##### AVAILABLE RECORDS #####

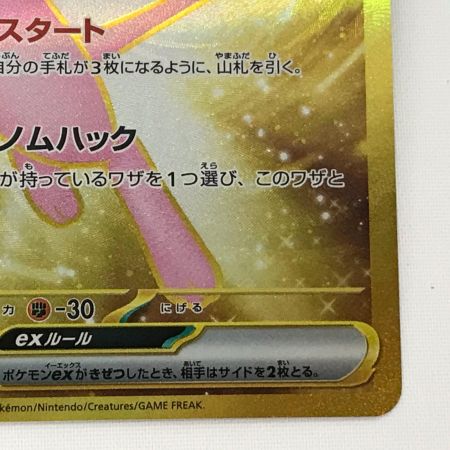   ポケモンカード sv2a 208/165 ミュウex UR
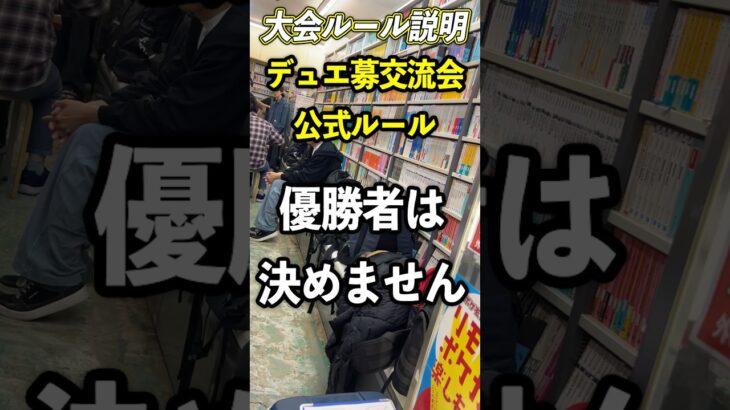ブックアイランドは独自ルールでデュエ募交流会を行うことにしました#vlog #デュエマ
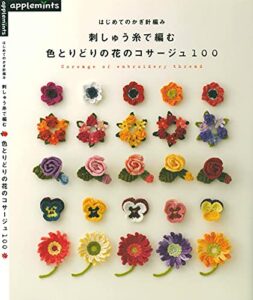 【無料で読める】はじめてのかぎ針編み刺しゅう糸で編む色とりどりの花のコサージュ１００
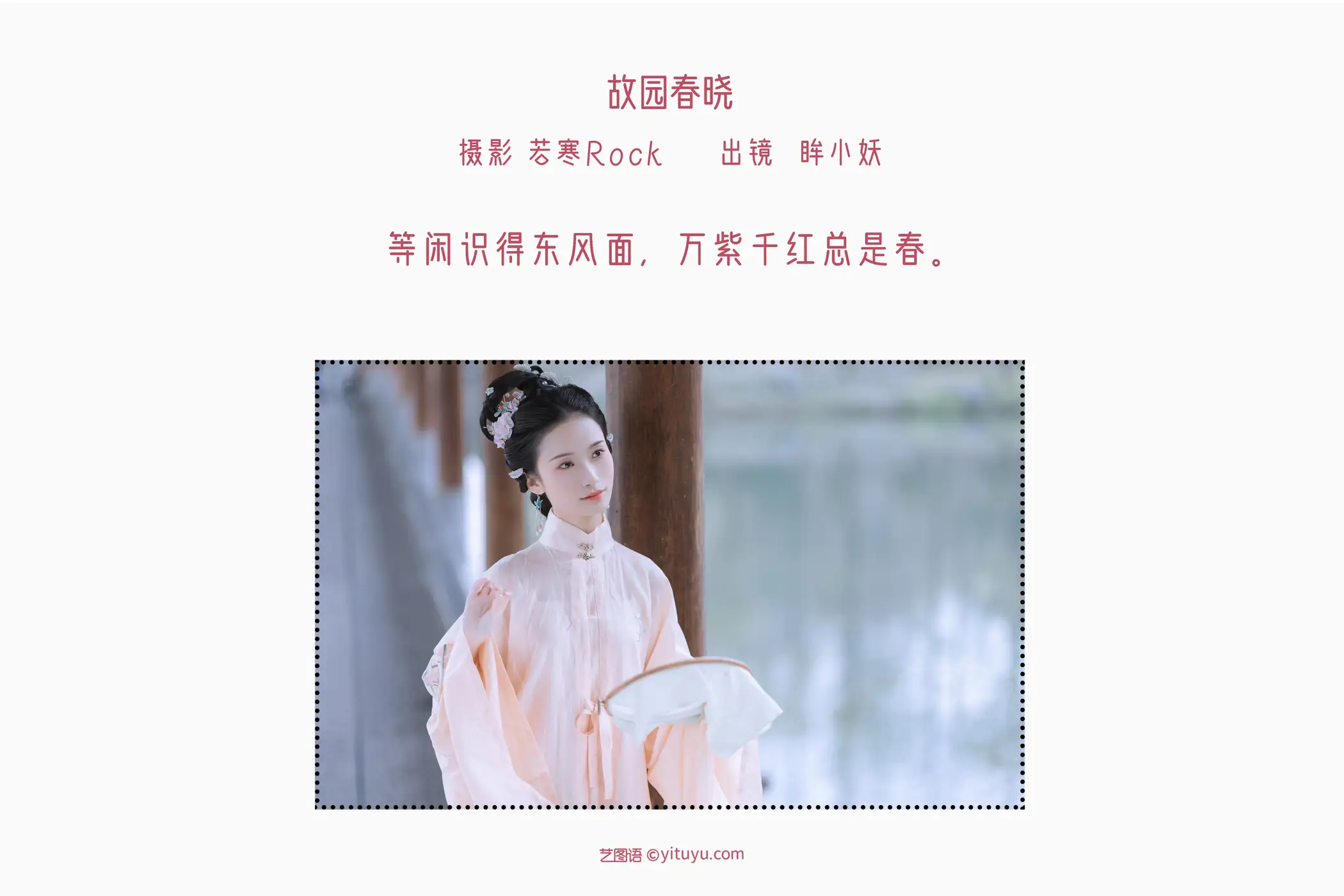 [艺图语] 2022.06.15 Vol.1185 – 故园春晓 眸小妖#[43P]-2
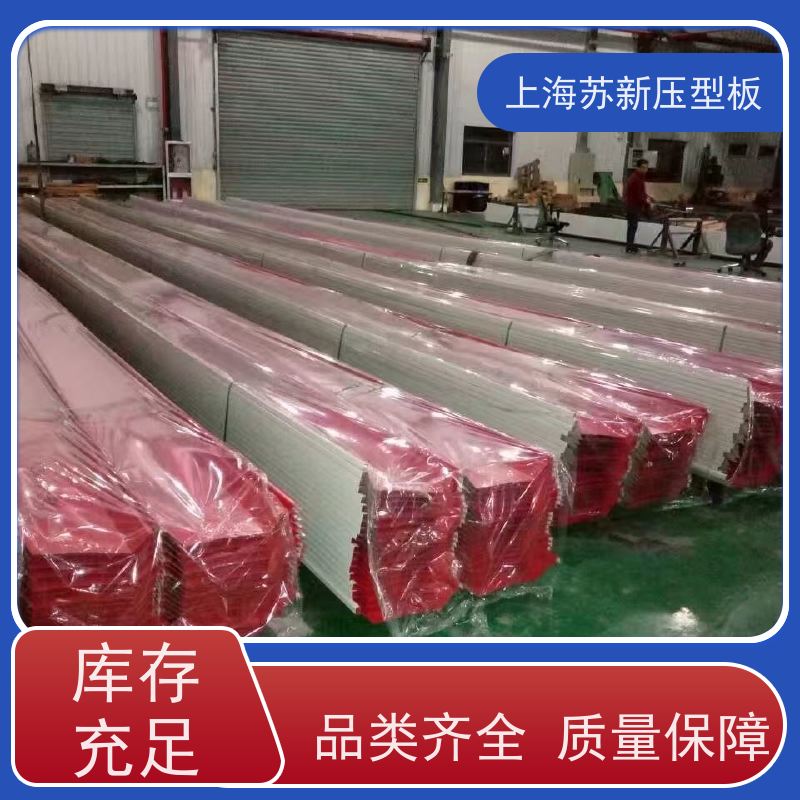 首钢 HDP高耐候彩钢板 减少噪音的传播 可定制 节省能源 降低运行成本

#####

*BRIEF*.
Print every entry above again, exactly as written. Leave the images out.

*RESULT OF THE TASK*.
   ポケモンカード sv2a 208/165 ミュウex UR
ブックアイランドは独自ルールでデュエ募交流会を行うことにしました#vlog #デュエマ
 【無料で読める】はじめてのかぎ針編み刺しゅう糸で編む色とりどりの花のコサージュ１００
 [艺图语] 2022.06.15 Vol.1185 – 故园春晓 眸小妖#[43P]-2
 首钢 HDP高耐候彩钢板 减少噪音的传播 可定制 节省能源 降低运行成本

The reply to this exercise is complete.